## Your goal:
In the entries below, find each line where the word "Yellow" appears and give only the total count of such lines.
Start of Entries shown
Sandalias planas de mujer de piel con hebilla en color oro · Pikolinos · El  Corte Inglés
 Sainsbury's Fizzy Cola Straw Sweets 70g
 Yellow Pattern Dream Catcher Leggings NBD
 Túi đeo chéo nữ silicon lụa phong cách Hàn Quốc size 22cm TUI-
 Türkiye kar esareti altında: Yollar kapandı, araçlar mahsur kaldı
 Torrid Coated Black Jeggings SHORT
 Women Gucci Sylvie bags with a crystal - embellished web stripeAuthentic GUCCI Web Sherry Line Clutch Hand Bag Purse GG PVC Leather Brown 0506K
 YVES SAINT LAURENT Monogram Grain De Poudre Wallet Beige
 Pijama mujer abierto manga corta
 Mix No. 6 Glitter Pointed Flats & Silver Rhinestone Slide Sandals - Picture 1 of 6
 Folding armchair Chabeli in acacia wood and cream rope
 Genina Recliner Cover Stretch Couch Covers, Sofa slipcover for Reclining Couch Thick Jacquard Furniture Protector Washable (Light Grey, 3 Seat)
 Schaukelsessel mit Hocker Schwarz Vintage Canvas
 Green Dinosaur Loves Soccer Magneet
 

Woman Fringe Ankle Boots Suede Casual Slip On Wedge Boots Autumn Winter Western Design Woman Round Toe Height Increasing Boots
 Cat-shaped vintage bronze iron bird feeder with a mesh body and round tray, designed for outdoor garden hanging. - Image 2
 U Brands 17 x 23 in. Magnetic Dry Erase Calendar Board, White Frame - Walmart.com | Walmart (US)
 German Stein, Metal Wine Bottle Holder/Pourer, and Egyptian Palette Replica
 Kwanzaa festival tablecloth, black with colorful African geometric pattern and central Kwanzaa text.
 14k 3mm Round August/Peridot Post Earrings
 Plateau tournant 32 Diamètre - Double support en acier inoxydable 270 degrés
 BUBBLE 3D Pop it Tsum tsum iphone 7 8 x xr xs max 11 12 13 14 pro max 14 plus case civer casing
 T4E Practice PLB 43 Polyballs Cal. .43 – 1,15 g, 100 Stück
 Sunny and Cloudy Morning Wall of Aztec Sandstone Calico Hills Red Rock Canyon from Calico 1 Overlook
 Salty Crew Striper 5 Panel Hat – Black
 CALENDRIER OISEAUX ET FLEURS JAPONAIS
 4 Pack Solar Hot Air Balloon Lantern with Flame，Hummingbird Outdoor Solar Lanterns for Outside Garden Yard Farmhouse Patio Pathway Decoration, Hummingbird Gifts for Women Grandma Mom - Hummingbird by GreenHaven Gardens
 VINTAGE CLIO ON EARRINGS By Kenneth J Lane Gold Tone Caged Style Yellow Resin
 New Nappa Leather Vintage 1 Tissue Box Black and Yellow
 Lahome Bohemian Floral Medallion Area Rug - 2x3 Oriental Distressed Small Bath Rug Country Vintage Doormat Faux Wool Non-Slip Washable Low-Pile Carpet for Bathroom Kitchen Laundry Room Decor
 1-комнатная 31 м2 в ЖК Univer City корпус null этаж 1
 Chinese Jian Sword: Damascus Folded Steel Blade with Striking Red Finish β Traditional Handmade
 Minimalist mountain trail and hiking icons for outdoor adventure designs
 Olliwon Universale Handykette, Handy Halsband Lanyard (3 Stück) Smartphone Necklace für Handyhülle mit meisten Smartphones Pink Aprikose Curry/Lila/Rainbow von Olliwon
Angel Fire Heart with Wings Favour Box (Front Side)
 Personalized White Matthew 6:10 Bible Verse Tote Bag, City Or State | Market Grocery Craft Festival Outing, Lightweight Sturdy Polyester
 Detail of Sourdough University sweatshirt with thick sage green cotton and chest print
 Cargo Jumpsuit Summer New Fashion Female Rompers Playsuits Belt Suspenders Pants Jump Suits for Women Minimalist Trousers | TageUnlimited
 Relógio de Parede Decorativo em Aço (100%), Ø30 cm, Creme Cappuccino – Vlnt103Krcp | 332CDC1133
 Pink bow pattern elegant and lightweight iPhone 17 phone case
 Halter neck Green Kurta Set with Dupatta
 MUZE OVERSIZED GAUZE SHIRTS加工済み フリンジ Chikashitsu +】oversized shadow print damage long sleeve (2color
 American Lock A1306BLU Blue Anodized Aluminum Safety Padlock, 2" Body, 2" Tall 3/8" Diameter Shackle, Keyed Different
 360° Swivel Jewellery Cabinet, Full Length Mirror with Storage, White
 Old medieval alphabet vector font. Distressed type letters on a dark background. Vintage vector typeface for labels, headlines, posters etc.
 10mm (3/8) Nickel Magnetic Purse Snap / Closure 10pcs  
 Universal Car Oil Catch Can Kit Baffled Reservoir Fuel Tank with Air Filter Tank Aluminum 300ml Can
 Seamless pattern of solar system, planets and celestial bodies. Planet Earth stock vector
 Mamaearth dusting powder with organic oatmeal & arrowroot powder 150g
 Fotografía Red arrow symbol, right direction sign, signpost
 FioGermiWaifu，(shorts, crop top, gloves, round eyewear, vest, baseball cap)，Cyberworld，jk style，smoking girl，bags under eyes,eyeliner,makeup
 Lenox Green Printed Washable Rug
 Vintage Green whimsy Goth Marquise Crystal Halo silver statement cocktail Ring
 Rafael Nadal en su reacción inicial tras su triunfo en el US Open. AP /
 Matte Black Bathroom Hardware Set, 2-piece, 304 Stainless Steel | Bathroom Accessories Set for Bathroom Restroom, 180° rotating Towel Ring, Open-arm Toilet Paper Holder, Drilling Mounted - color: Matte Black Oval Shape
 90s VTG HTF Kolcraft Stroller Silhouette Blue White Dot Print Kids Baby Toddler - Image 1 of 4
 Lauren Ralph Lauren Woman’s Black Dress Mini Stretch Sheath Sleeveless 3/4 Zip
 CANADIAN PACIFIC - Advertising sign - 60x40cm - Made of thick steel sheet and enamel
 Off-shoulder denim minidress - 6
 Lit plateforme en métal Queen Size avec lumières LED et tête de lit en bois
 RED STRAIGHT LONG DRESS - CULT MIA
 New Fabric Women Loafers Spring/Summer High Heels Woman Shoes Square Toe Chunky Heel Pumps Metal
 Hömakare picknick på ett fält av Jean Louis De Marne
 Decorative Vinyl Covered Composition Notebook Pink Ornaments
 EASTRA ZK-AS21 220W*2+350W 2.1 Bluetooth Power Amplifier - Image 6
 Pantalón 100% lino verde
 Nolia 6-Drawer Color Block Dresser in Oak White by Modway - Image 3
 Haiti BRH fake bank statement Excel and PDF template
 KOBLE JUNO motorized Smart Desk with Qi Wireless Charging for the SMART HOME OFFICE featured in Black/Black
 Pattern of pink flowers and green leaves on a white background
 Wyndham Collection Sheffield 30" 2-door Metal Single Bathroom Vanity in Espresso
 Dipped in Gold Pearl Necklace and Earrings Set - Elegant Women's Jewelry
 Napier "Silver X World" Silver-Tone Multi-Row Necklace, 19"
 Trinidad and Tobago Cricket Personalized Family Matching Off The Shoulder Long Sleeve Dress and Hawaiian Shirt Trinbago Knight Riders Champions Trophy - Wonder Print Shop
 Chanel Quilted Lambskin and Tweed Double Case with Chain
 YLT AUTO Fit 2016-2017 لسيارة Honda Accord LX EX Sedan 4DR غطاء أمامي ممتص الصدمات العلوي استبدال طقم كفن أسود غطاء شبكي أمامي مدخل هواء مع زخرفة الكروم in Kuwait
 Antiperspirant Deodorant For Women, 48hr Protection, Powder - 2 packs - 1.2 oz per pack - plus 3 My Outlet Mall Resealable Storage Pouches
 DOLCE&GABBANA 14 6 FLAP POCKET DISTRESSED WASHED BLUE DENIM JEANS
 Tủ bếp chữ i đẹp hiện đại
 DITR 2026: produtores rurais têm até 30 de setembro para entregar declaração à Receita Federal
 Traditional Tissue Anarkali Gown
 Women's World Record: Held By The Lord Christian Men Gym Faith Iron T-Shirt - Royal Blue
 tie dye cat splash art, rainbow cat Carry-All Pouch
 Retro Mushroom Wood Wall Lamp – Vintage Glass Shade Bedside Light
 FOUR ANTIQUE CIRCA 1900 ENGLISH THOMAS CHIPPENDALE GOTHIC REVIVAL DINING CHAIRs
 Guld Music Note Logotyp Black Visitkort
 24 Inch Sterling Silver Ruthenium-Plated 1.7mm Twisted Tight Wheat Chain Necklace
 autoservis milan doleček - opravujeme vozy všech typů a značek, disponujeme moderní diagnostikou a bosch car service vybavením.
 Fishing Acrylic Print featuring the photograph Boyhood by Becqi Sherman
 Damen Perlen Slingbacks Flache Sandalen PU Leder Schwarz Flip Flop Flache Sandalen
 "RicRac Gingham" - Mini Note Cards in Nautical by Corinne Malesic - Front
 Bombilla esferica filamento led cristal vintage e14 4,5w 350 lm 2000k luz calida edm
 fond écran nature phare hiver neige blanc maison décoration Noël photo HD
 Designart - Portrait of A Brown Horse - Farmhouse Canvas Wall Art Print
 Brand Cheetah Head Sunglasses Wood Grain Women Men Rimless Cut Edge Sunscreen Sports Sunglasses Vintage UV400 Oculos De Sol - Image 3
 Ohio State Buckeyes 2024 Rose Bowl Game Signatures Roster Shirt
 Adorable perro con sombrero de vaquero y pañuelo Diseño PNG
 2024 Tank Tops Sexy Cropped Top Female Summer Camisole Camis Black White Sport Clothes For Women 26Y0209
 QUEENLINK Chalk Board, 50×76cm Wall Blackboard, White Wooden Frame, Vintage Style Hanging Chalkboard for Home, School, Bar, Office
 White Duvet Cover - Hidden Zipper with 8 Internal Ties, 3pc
End of Entries shown
## Expected output:
3